Welcome to the sixty-first season of the Stratford Festival and my first as its Artistic Director. I am so happy to be presenting this extraordinary season filled with some of the world’s most talented actors, led by such outstanding directors. With so many acclaimed artists returning to us in 2013, every one of these productions promises to be a gem.
I believe that the essential role of theatre is to help us feel and understand. We go to the theatre to enter into the experiences of others – the characters on stage. We hope to be moved to laughter and to tears in the company of others – our fellow audience members. And from that collective experience comes empathetic understanding.
As I put together the 2013 season, I found my thoughts focusing on the idea of communities: the bonds that hold them together and the differences that divide them. I found myself drawn to plays that deal with questions of faith and intolerance; plays that pit individual agendas against those of society; plays that examine personal and political conflicts rooted in family, church or state. Such conflicts drive the plots of dramas as diverse as Romeo and Juliet, Mary Stuart, Measure for Measure, The Merchant of Venice and Fiddler on the Roof – even the swashbuckling adventure of The Three Musketeers.

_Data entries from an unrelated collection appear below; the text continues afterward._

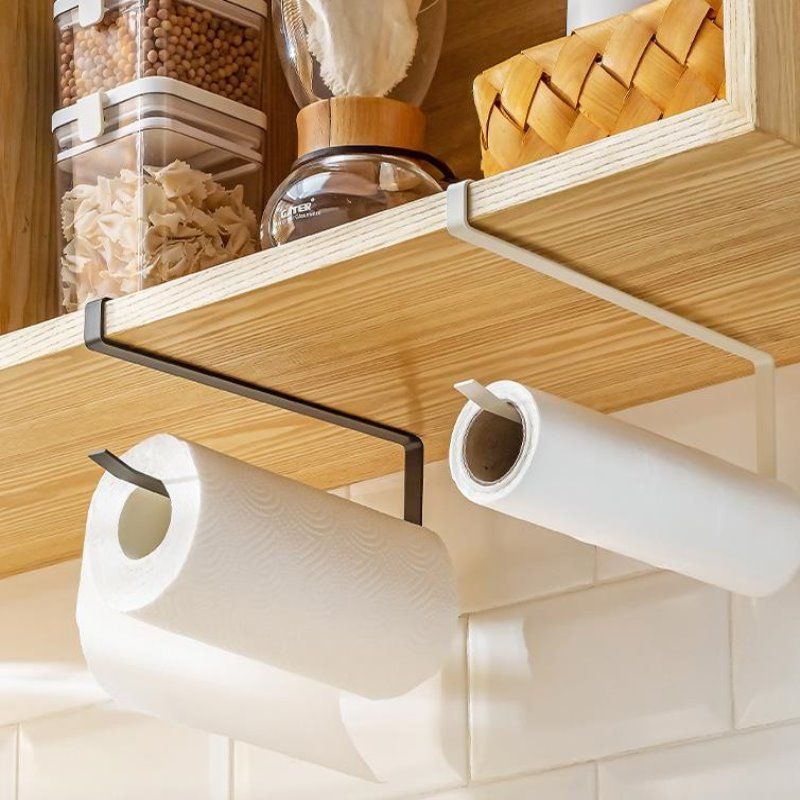 Kitchen tissue holder under cabinet hanging roll paper holder punch-free plastic wrap storage rack lazy rag storage rack_voghion.com
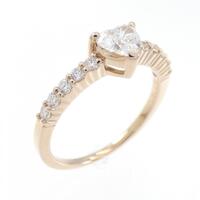 K18PG ハート ダイヤモンド リング 0.30CT
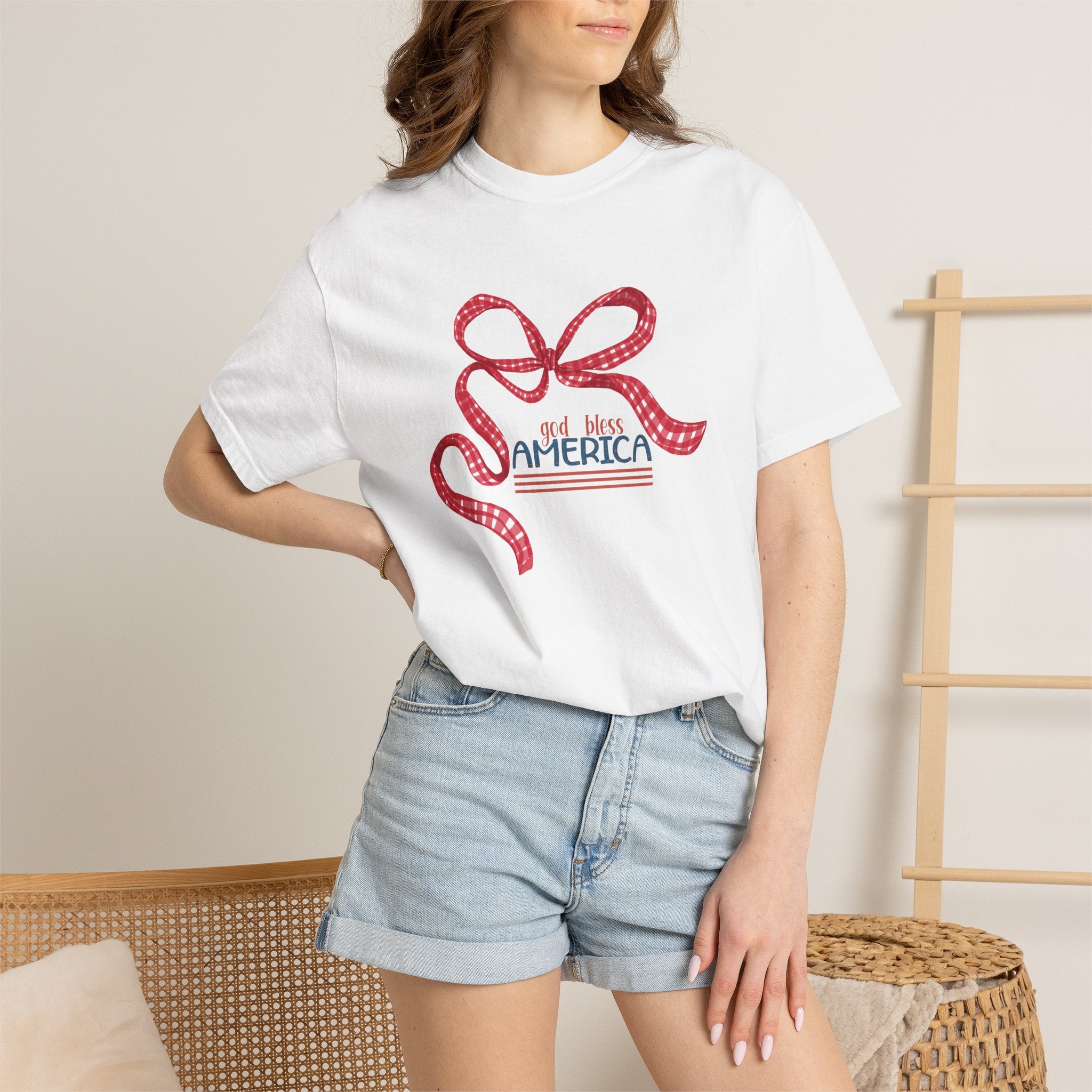 Patriotic Bow T-Shirt — God Bless America Fourth of July Tee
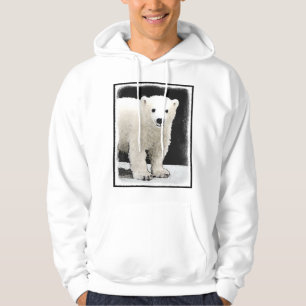 Polar Bear Cub Painting - Original Wildlife Art Hoodie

Our playbill features several characters who are regarded as “other” by the communities in which they live: not only cultural or ethnic outsiders like Shylock and Othello but also those distinguished by some physical disability or special talent, like the title character of Tommy or the wheelchair-bound activist Elora in Judith Thompson’s The Thrill, or who simply don’t quite fit in, like the disillusioned English professor in John Murrell’s Taking Shakespeare (a play whose characters, not coincidentally, explore the world of Othello together). In a lighter vein, even the ghostly Elvira in Noël Coward’s classic comedy Blithe Spirit could be regarded as the ultimate “outsider.”
Many of these plays examine how we as individuals relate to our fellow human beings, to society and its institutions – while a play like Waiting for Godot raises the biggest question of all: what meaning does our existence, with all its hopes, fears and uncertainties, have within the context of the cosmos itself?
Provocative, profound or just sheer fun, the titles on our playbill have been chosen to offer you a wide range of choice, while inviting you to enrich your experiences by seeing multiple productions and drawing your own connections between them. To extend that opportunity even further, we are introducing something new this season: The Forum. Bringing together our audiences, our artists and some of our leading public figures, this extraordinary program of talks, debates, discussions and other ancillary presentations will continue the conversations begun by the performances on our stages.
What happens in Vegas, the catchphrase goes, stays in Vegas. But I hope that what happens to you here in Stratford in 2013 will be something you will want to take home with you, something so wonderful that it will stay with you forever.